Muitos dos ossos adultos mostram sinais de terem sido cortados e martelados com ferramentas de pedra, aquecidos e, possivelmente, mordidos por outros seres humanos. Também foram encontrados espalhados entre os restos de outros animais, como o íbex e o veado-vermelho. Curiosamente, as diferenças na datação por radiocarbono sugerem que isso ocorreu em pelo menos duas ocasiões distintas. Enquanto o canibalismo é um tabu hoje, ele não é nada incomum na natureza ou mesmo em nosso próprio passado.Mas provar o que os antropólogos chamam de “práticas antropofágicas” dentro de culturas antigas não é tarefa simples.
“Em locais norte-africanos há vestígios humanos desmembrados com marcas de corte associadas a enterros secundários“, afirmam os pesquisadores em seu recente artigo. É importante levar em conta que em alguns casos os corpos foram desenterrados, cortados e enterrados em pedaços. Para ter certeza de que esses ossos são evidências de canibalismo, os pesquisadores aplicaram a seguinte lista de verificação baseada no trabalho do antropólogo francês Bruno Boulestin:
– Prova direta: a presença de ossos humanos dentro de coprólitos humanos ou a identificação de mordidas humanas em ossos humanos;
– Prova indireta: cozimento e algumas marcas;
– Critérios primários de primeira ordem: fratura antropogênica e representação anatômica diferencial;
– Critérios primários de segunda ordem: marcas de corte;
– Critérios secundários que não estão diretamente relacionados à exploração funcional: posição e preservação dos ossos e presença de ossos queimados.
Distinguir as marcas feitas por nossos próprios dentes das feitas por um animal nem sempre é fácil.
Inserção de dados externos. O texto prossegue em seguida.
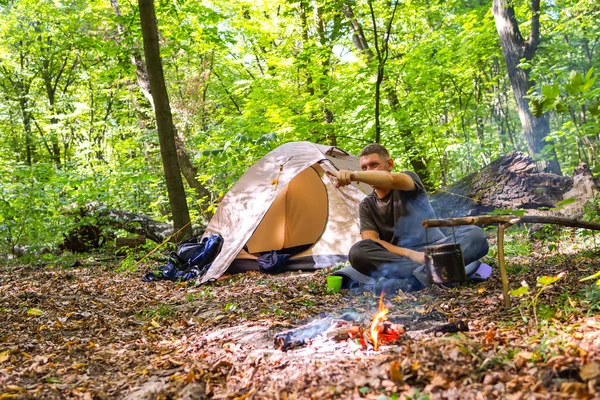 Bir şenlik ateşi ve ormandaki bir turist çadır, çadır turist dinleniyor.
No entanto, neste caso os pesquisadores estavam bastante seguros de que as perfurações de arco duplo e os pontos triangulares eram um bom sinal de que vinham de caninos e molares humanos. Assim, a evidência mostrou pelo menos duas refeições de carne humana e medula. Mas por que eles fizeram isso?
Essa parte permanece misteriosa. Os seres humanos comiam uns aos outro sem momentos de desespero, mas há também há possibilidade de ser uma maneira de honrar os mortos ou de insultar um inimigo. O mundo estava mudando há cerca de 10 mil anos, com o início da agricultura aconteceu entre alguns povos e as populações migravam. É possível que a comunidade que viveu ao redor da área Coves de Santa Maira tenha passado por dificuldades, embora os inúmeros ossos de animais, conchas do mar e recursos tornarem essa hipótese um pouco menos provável.
As evidências desse período no Mediterrâneo Ocidental sugerem que poderia haver mais encontros entre culturas diferentes, levando a conflitos, competição sobre recursos, ou mesmo uma troca de novos rituais e práticas culturais. Os seres humanos e seus parentes mais próximos enterraram seus mortos pelo menos nos últimos 50 mil anos, então não é difícil imaginar que naquele tempo houvesse alguns rituais fúnebres diferentes.